Para sus vecinos era lo que faltaba: ya no solo se convencieron de que estaba loco, sino que era un loco diabólico. Uno de ellos escribió al periódico que “Andrew Crosse debía haber sido ahorcado hace tiempo por tratar con el diablo... hasta donde yo sé, ha convocado al demonio 4 o 5 veces”. Los meses siguientes fueron un suplicio para el pobre científico: recibió numerosas amenazas de muerte, le llamaron blasfemo y Frankenstein, de intentar ocupar el lugar de Dios y de ser una amenaza para “nuestra sagrada religión”. Los granjeros de los alrededores le acusaron de que sus insectos estaban acabando con sus cosechas y un sacerdote realizó un exorcismo desde una colina cercana. Crosse temió por su vida y se recluyó en su casa. El escándalo le afectó tanto que desde entonces hasta el día de su muerte en julio de 1855 vivió apartado, rehuyendo cualquier contacto con sus convecinos.

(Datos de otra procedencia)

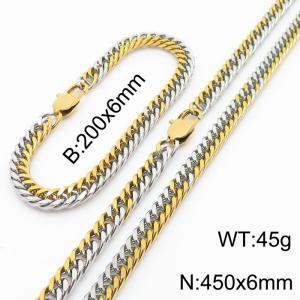 Fashion titanium steel whip chain 450 * 6mm gold set - KS199700-Z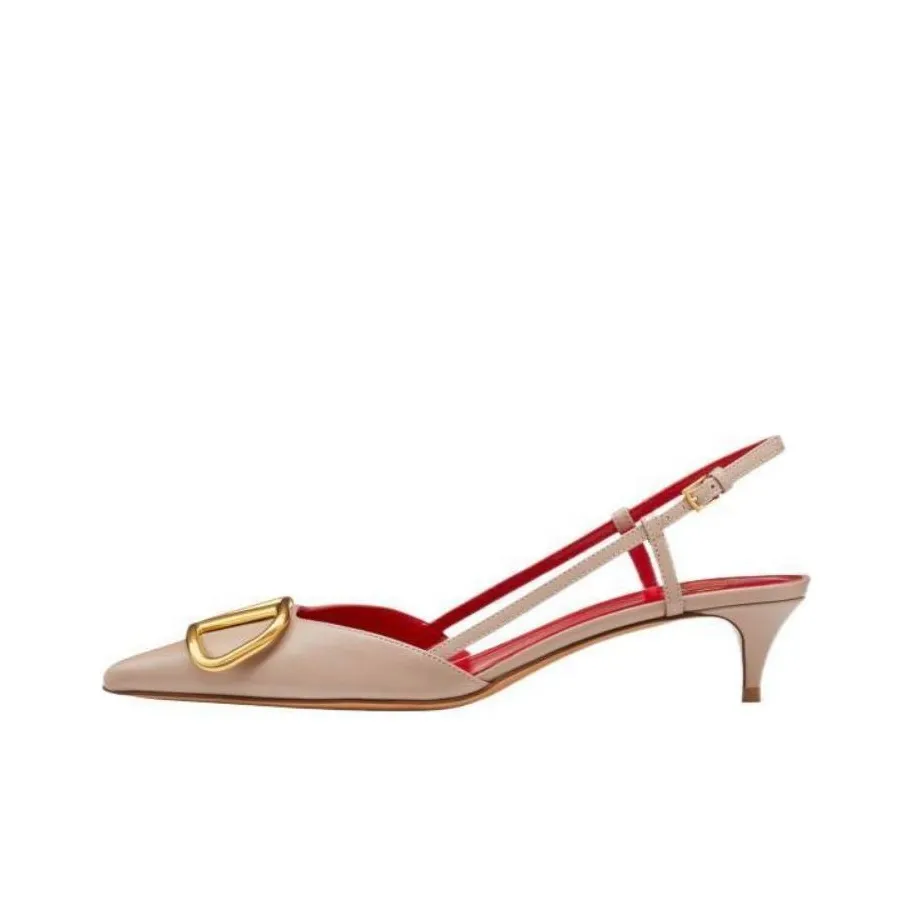 Valentino Vlogo Slim Heel High Heels 4cm Women's Nude Pink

Por supuesto, Crosse nunca afirmó haber creado vida, “si la electricidad ha tenido algo que ver en su nacimiento, es algo que no pudo afirmar sin más experimentación”. Tampoco la comunidad científica creyó que lo había hecho. Otros intentaron reproducirlo, como el cirujano William Henry Weekes, que dijo haber obtenido tras un año de trabajo cinco insectos perfectos. Pero el resto de sus colegas no obtuvieron nada. ¿Entonces qué sucedió? Los historiadores de la ciencia piensan que lo más seguro es que el instrumental de Crosse estuviera contaminado con larvas de diminutos ácaros. Claro que los periódicos iban por otro lado, y afirmaron que el científico mas importante de entonces, y el gran experto en la electricidad Michael Faraday, había duplicado el experimento de Crosse. El revuelo fue tal que el gran experimentador inglés tuvo que hacer una declaración negando tal extremo: “Con respecto a los insectos del Sr. Crosse, no creo que nadie crea en ellos salvo quizá él mismo y los aficionados a lo asombroso”. Sorprendentemente, aún en la actualidad hay quien piensa que un científico victoriano creó vida en medio de la campiña inglesa.